United Airlines announced that it would be resuming service to Beijing Capital International Airport (PEK) and increasing flights to Shanghai Pudong International Airport (PVG) when that statement came out. During the COVID-19 pandemic, service was halted and United has been gradually working to bring it back as restrictions have lifted.

But, it looks like United might have been a bit hasty in its announcement because the only route to China that remains on United’s schedule in October is from San Francisco International Airport (SFO) to Shanghai Pudong International Airport (PVG). United had planned to have 122 flights to China in October, 566 in November, and 584 in December. Those numbers have been hacked down to 62 in October, 101 in November, and 124 in December.
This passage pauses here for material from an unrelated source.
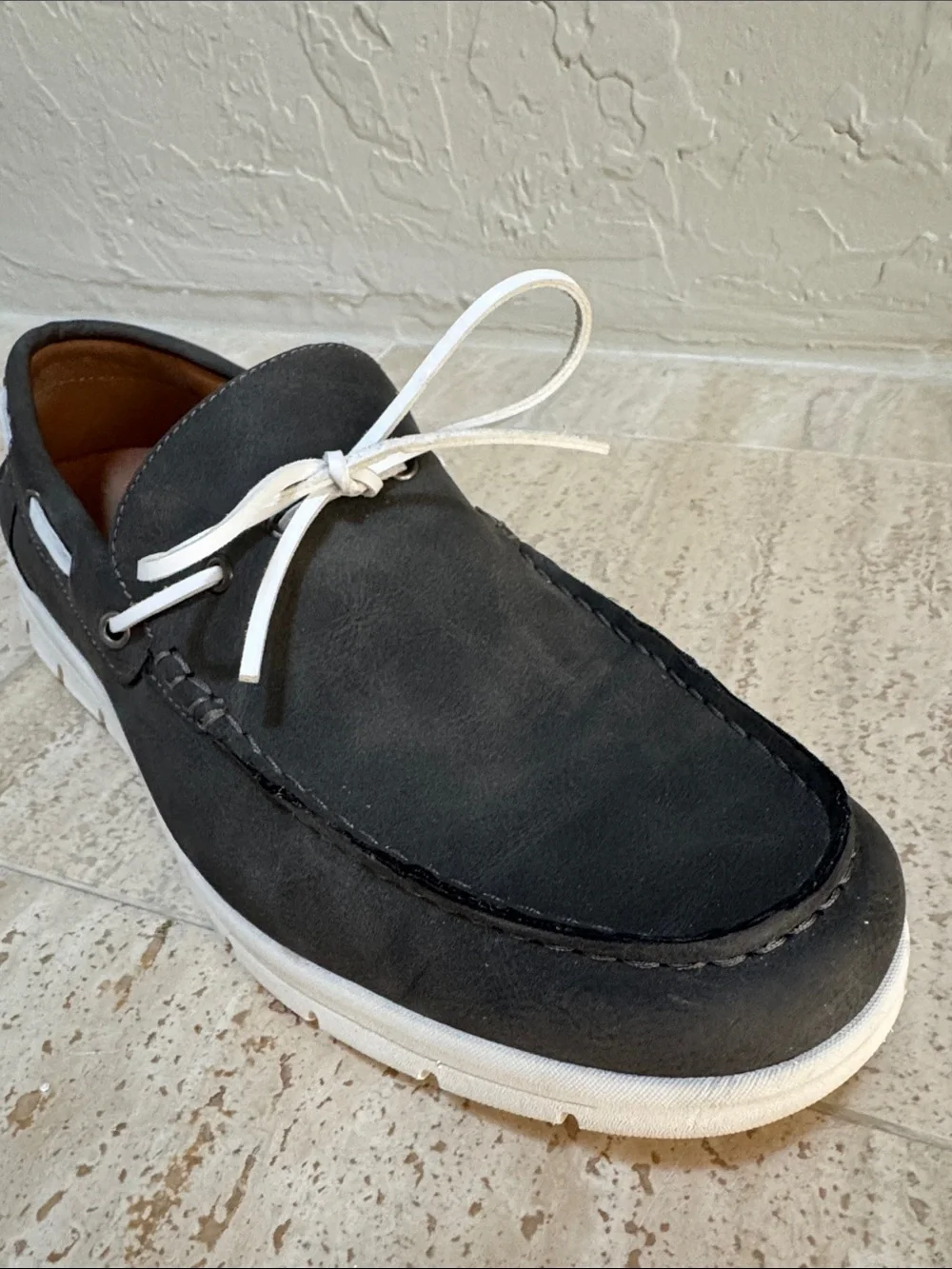 Crown Vintage Men's Navy Boat Shoes with White Laces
The airline was going to relaunch its flights in October from Chicago O’Hare International Airport (ORD) to Beijing and Shanghai, Los Angeles International Airport (LAX) to Shanghai, Newark Liberty International Airport (EWR) to Beijing and Shanghai, Washington Dulles International Airport (IAD) to Beijing, and San Francisco to Beijing and Chengdu Shuangliu International Airport (CTU). These plans have all been pushed to January 2024 with the exception of the San Francisco to Beijing route, which is still scheduled for November and the Chengdu flights (those are slated to restart in March 2024).

Anthony’s Take: Several news sources commented on how the announcements from United and Delta indicated more flights than the total amount allocated by the governments. We’ll see if this schedule slips further or what other amendments are made.

(H/T: Simple Flying.)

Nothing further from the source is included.